Existing drought indices have been widely used to monitor meteorological drought and agricultural drought; however, few of them are focus on drought monitoring for grassland regions. This study presented a new drought index, the Grassland Drought Index (GDI), for monitoring drought conditions in global grassland regions. These regions are vital for the environment and human society but susceptible to drought. The GDI was constructed based on three measures of water content: precipitation, soil moisture (SM), and canopy water content (CWC). The precipitation information was extracted from the available precipitation datasets, and SM was estimated by downscaling exiting soil moisture data to a 1 km resolution, and CWC was retrieved based on the PROSAIL (PROSPECT + SAIL) model.

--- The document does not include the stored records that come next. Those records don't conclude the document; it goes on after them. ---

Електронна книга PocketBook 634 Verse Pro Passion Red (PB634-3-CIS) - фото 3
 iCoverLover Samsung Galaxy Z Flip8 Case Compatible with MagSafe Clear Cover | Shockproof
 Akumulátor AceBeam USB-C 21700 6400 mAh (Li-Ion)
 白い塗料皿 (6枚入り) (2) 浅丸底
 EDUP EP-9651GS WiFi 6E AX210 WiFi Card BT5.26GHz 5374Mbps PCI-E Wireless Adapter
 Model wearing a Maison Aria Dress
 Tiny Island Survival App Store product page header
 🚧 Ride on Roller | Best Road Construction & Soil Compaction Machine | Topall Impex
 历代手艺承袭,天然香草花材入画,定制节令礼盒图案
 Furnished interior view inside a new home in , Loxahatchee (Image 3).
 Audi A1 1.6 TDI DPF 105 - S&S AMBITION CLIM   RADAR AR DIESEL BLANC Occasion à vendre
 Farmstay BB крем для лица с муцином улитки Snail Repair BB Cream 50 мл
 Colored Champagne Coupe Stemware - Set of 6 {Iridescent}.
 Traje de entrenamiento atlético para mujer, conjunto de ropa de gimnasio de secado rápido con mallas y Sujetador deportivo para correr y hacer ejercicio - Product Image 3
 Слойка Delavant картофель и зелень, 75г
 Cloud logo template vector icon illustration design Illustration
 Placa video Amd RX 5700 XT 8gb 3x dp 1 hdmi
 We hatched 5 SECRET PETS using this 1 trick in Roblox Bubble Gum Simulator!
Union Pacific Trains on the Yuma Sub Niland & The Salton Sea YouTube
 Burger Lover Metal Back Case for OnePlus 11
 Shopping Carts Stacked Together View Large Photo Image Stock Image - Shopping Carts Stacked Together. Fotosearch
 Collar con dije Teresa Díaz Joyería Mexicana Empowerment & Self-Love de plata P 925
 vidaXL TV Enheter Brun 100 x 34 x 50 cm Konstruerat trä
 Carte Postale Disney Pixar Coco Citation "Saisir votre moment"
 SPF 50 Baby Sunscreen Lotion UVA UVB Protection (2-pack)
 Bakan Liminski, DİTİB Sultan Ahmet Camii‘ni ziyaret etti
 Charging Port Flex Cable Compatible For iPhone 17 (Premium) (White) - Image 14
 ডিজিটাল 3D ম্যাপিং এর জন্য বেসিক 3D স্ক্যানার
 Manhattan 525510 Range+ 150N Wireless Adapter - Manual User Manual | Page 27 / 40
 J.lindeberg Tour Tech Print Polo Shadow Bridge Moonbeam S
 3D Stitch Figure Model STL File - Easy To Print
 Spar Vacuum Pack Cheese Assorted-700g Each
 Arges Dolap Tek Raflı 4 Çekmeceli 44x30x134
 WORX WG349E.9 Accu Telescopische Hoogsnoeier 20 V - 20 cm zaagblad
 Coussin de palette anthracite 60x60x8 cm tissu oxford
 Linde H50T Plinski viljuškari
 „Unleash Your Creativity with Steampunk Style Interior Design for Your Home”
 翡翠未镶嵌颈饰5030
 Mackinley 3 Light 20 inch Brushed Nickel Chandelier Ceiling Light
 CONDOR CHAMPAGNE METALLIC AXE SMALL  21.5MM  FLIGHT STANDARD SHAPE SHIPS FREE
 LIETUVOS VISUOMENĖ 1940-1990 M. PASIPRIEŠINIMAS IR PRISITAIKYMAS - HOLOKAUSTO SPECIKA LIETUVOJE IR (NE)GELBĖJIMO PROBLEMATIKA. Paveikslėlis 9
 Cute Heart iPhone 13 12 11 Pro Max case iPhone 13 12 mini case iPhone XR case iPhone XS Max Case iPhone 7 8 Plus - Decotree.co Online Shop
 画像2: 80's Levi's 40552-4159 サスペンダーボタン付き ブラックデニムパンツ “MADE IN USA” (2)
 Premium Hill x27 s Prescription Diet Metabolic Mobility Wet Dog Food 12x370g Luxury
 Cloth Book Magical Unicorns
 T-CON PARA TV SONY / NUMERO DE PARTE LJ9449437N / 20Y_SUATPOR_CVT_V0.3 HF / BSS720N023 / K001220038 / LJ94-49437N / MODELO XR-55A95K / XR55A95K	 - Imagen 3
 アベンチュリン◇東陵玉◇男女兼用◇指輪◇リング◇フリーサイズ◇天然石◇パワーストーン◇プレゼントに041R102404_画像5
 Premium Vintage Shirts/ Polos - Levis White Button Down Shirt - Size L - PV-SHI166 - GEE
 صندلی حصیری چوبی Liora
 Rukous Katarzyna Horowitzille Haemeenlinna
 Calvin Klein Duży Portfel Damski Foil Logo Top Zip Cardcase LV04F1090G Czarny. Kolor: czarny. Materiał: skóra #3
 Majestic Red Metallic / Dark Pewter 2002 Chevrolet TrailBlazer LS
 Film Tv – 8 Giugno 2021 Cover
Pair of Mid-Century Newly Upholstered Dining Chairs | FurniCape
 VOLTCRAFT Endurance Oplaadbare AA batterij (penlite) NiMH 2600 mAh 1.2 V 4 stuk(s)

Each variable was scaled from 0 to 1 for each pixel based on absolute minimum and maximum values over time, and these scaled variables were combined with the selected weights to construct the GDI. According to validation at the regional scale, the GDI was correlated with the Standardized Precipitation Index (SPI) to some extent, and captured most of the drought area identified by the United States Drought Monitor (USDM) maps. In addition, the global GDI product at a 1 km spatial resolution substantially agreed with the global Standardized Precipitation Evapotranspiration Index (SPEI) product throughout the period 2005–2010, and it provided detailed and accurate information about the location and the duration of drought based on the evaluation using the known drought events.

Highlights

  • Drought is a major environmental disaster, and affects numerous people and various trades [1].Drought monitoring and forecasting techniques are crucial for reducing society’s vulnerability to drought and its subsequent impacts and will lead to better drought-management practices [2]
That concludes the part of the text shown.